# And another one... (Terrapin - Dragon Fly)



## telltail (Mar 11, 2007)

Saw this skiff on another forum...http://www.addictivefishing.com/forum/Topic21531-6-1.aspx
No affiliation, just thought you guys would be interested.
Tight lines...


----------



## Guest (Oct 9, 2007)

*Re: And another one...*

I know I've seen that boat before. I just can't think of what it looks like.  ;D ;D ;D ;D

Thanks for posting. [smiley=1-thumbsup1.gif]


----------



## Guest (Oct 9, 2007)

*Re: And another one...*

Beautiful boat! This is why I got a brand new 20hp honda tiller in the crate.......damnnnnn this long ultra light skinny microskiff takes forever to built!..........I'm waiting......


----------



## brew1891 (Dec 10, 2006)

*Re: And another one...*

Great price point as long as the construction is top notch

I wonder how much w/o the expensive honda motors? Maybe 14k for boat and trailer?


----------



## rcmay (Dec 12, 2006)

*Re: And another one...*

Looks like a nice boat, but pictures can be deceiving. Seems like the Microskiff thing is taking off, I guess everyone is tired of having to fill up on gas too often.


----------



## tom_in_orl (Dec 9, 2006)

*Re: And another one...*

Resisting the urge......... :-X


Someone call this guy and ask the standard questions.

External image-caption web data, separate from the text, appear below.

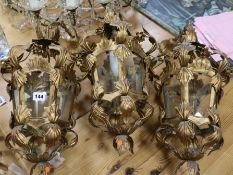 A set of three gilt lanterns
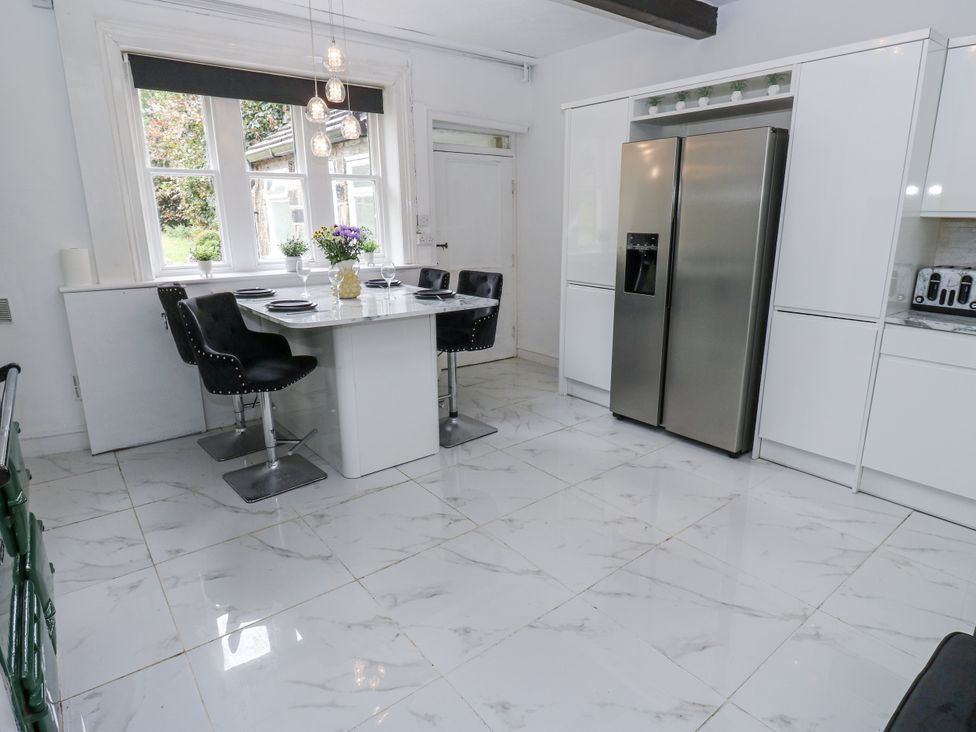A kitchen with a table and chairs at Cold Spring House in Cullingworth
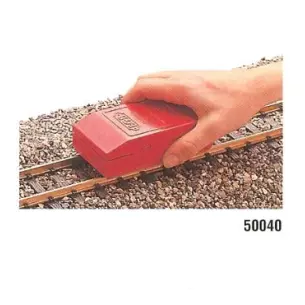 Cleaning block for rails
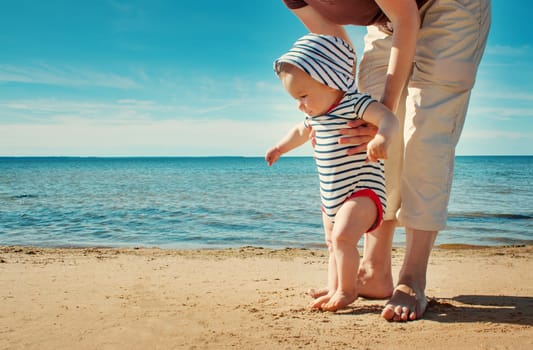 Nine month old baby boy walking on the beach in beautiful summer day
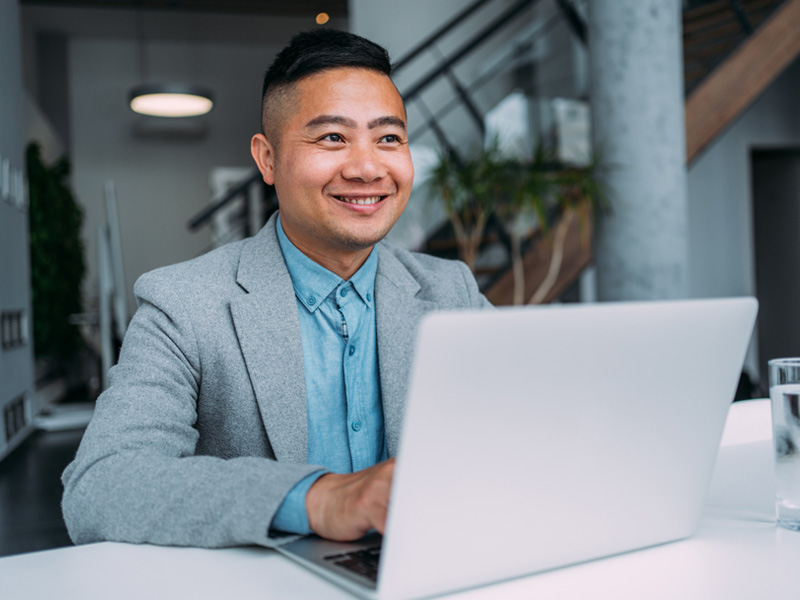 Smiling professional using a laptop, illustrating the flexibility and convenience of online legal studies for working adults.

> *JulieSutton (10/8/2007) at http://www.addictivefishing.com/forum/Topic21531-6-1.aspx*
> 
> Here are the pictures of Terrapin Skiffsnew "Dragonfly". Actual price still being determined. Target price, about $18,000.00--Boat, motor, trailor. The Dragonfly is 18'4". floats in 3.5" of water with 2 anglers.
> 
> ...


----------



## Guest (Oct 9, 2007)

*Re: And another one...*



> Resisting the urge......... :-X
> 
> 
> Someone call this guy and ask the standard questions.
> ...


Come on Tom, stop resisting. I thought I could count on you.

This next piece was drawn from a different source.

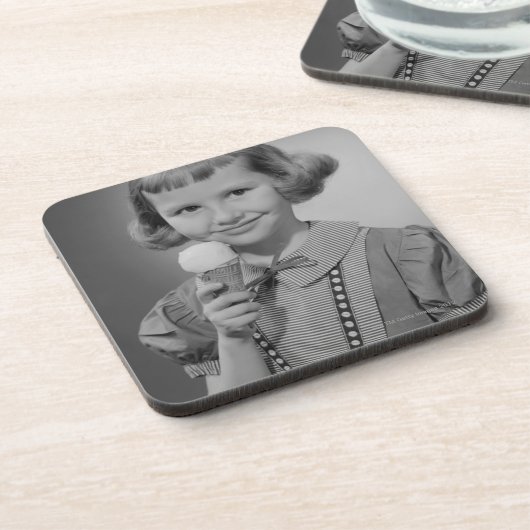 Mädchen, das Eiscreme isst Untersetzer (Linke Seite)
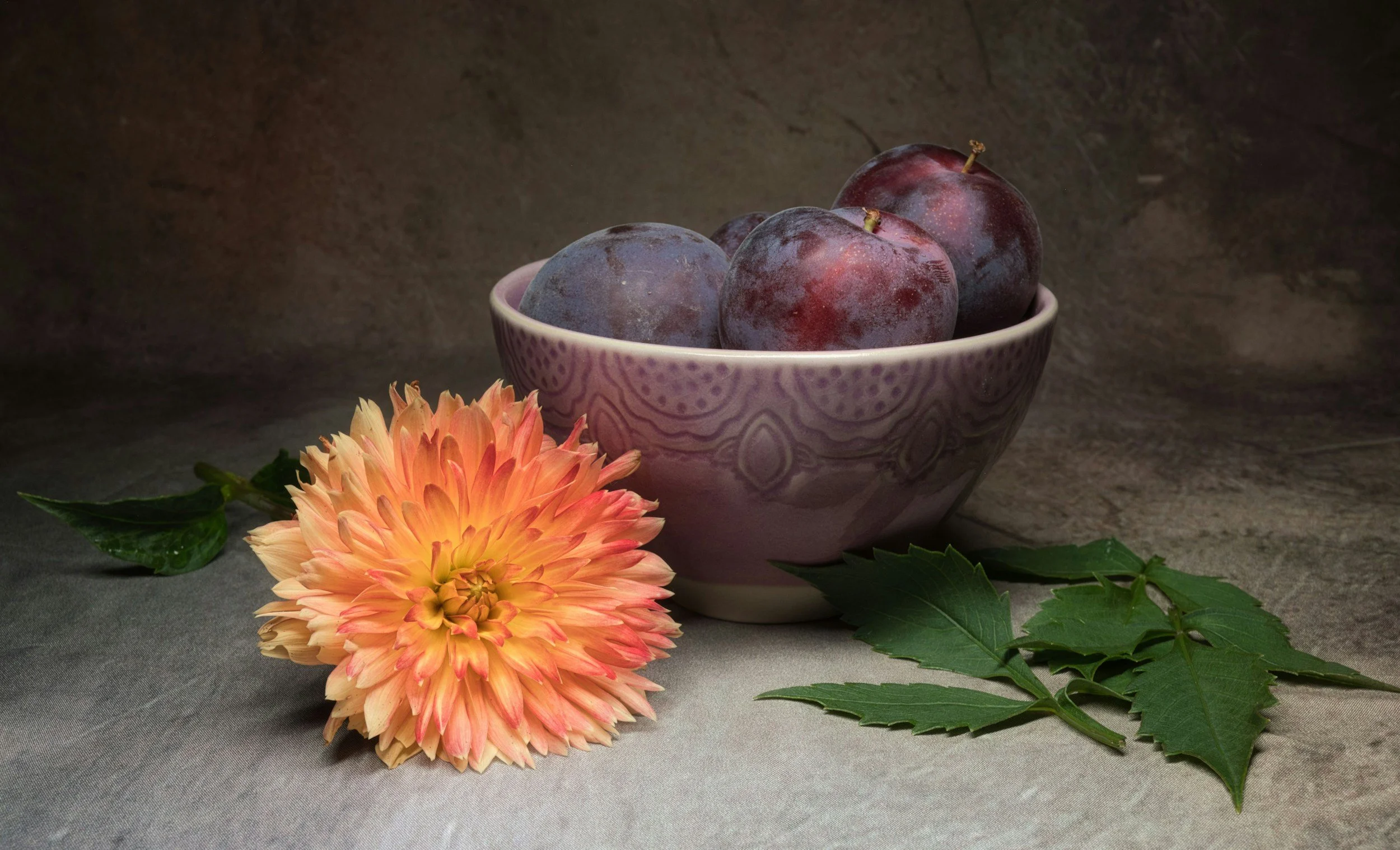 A bowl of purple plums with a peach-colored dahlia flower and green leaves on a textured surface.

Holy crap guys. The Dorado got hit hard and it clearly made an effort to "improve" the design. 

This looks just like the hull we have been talking about and it's being embraced due to price? WTF?

I still say you guys are wrong on the "Ambush" pricing but has anyone bothered to check the price themselves?

And gheeeeeeeeeeeeeezzzzz, the Caimen is totally different to accomplish the same task even though it seems to require a little more power but it has been posted that it will be in the same price range and from what I understand with "the more expensive Honda".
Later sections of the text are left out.